Eustacia was indoors in the dining-room, which was really more like a kitchen, having a stone floor and a gaping chimney-corner.  The air was still, and while she lingered a moment here alone sounds of voices in conversation came to her ears directly down the chimney.  She entered the recess, and, listening, looked up the old irregular shaft, with its cavernous hollows, where the smoke blundered about on its way to the square bit of sky at the top, from which the daylight struck down with a pallid glare upon the tatters of soot draping the flue as seaweed drapes a rocky fissure.

She remembered:  the furze-stack was not far from the chimney, and the voices were those of the workers.

Her grandfather joined in the conversation.  “That lad ought never to have left home.  His father’s occupation would have suited him best, and the boy should have followed on.  I don’t believe in these new moves in families.  My father was a sailor, so was I, and so should my son have been if I had had one.”
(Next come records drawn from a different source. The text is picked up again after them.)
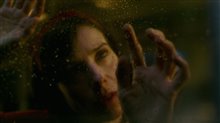 The Shape of Water Featurette - 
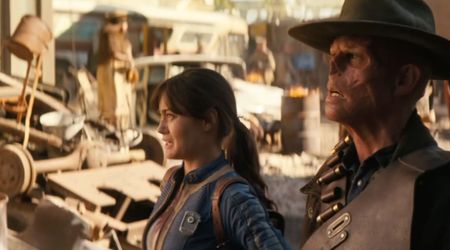 Will ‘Fallout’ return for Season 3? Prime Video has a major update for fans as Season 2 concludes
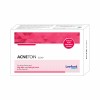Acnetoin Anti Acne Soap For Oily and Brighter Skin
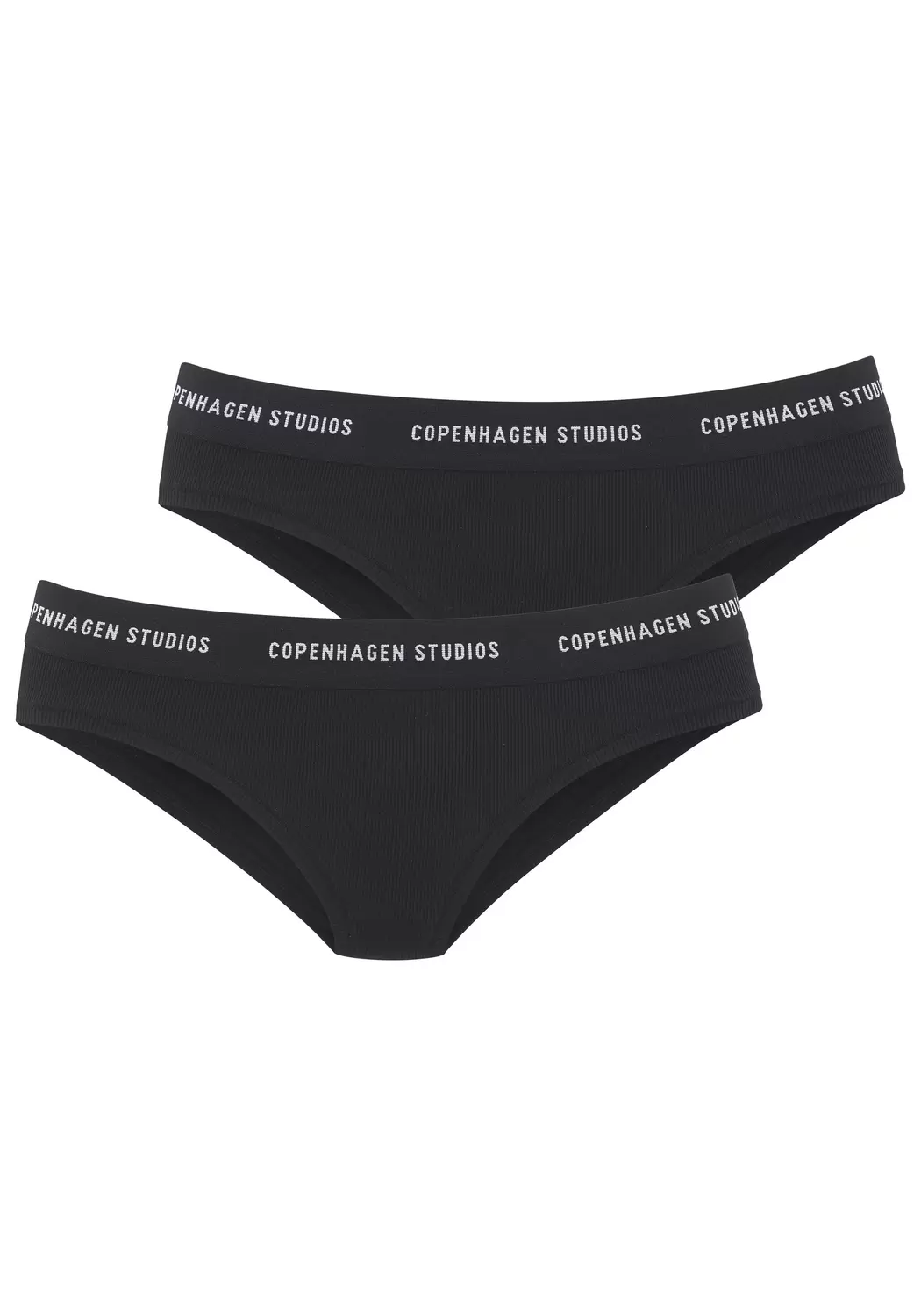 Copenhagen Studios Slip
“The place he’s been living at is Paris,” said Humphrey, “and they tell me ’tis where the king’s head was cut off years ago.  My poor mother used to tell me about that business.  ‘Hummy,’ she used to say, ’I was a young maid then, and as I was at home ironing mother’s caps one afternoon the parson came in and said, “They’ve cut the king’s head off, Jane; and what ’twill be next God knows."’”

“A good many of us knew as well as He before long,” said the captain, chuckling.  “I lived seven years under water on account of it in my boyhood—­in that damned surgery of the Triumph, seeing men brought down to the cockpit with their legs and arms blown to Jericho...  And so the young man has settled in Paris.  Manager to a diamond merchant, or some such thing, is he not?”
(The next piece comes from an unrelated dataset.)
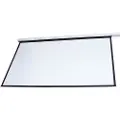 Eurolite Leinwand 16 9 B x H 300 cm 168 - Motorleinwand (80901163)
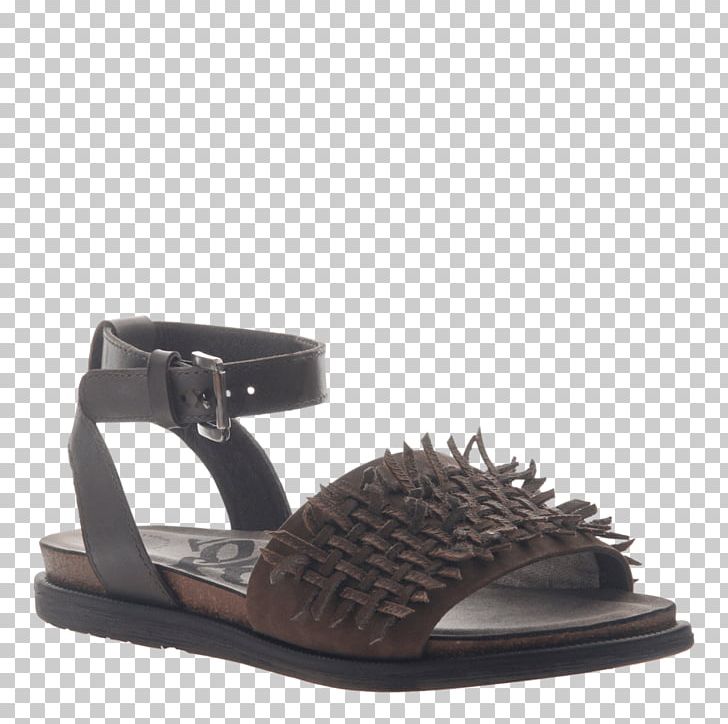 Sandal Shoe Ankle Strap Suede PNG, Clipart, Ankle, Color, Cork, Fashion, Footwear Free PNG Download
“Yes, sir, that’s it.  ’Tis a blazing great business that he belongs to, so I’ve heard his mother say—­like a king’s palace, as far as diments go.”

“I can well mind when he left home,” said Sam.

“’Tis a good thing for the feller,” said Humphrey.  “A sight of times better to be selling diments than nobbling about here.”

“It must cost a good few shillings to deal at such a place.”

“A good few indeed, my man,” replied the captain.  “Yes, you may make away with a deal of money and be neither drunkard nor glutton.”

“They say, too, that Clym Yeobright is become a real perusing man, with the strangest notions about things.  There, that’s because he went to school early, such as the school was.”

“Strange notions, has he?” said the old man.  “Ah, there’s too much of that sending to school in these days!  It only does harm.  Every gatepost and barn’s door you come to is sure to have some bad word or other chalked upon it by the young rascals:  a woman can hardly pass for shame some times.  If they’d never been taught how to write they wouldn’t have been able to scribble such villainy.  Their fathers couldn’t do it, and the country was all the better for it.”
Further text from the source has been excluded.